◆ The data ◆
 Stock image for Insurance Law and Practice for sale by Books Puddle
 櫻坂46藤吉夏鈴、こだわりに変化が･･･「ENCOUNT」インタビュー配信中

--

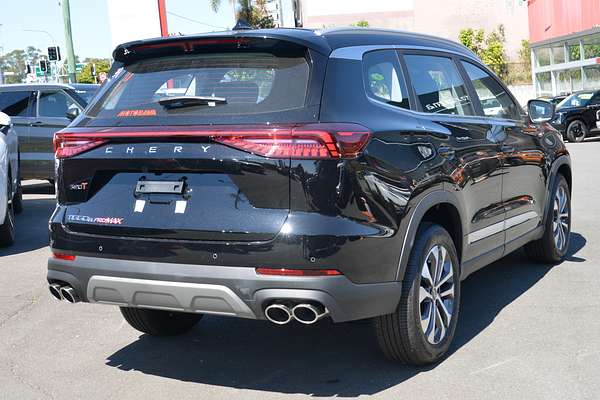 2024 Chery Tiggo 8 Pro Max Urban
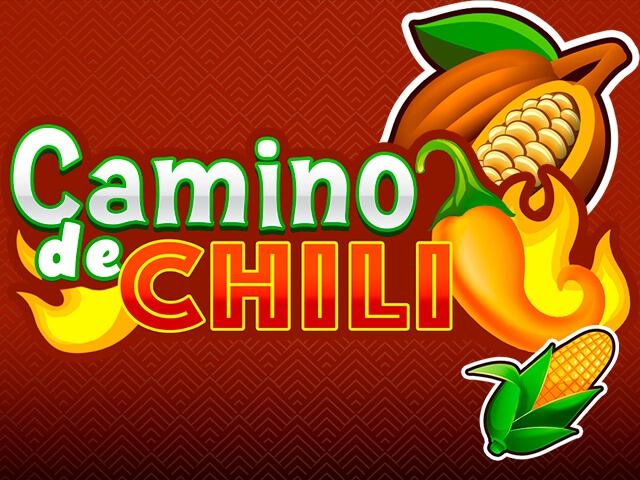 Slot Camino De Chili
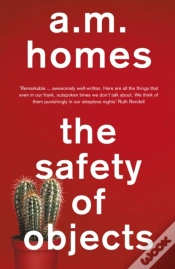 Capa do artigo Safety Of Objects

◆ To do ◆
Take the entries above and return only the lines from the one with "Stock image for" to the one with "櫻坂46藤吉夏鈴、こだわりに変化が･･･「ENCOUNT」インタビュー配信中", both included, unchanged.

◆ Your response ◆
 Stock image for Insurance Law and Practice for sale by Books Puddle
 櫻坂46藤吉夏鈴、こだわりに変化が･･･「ENCOUNT」インタビュー配信中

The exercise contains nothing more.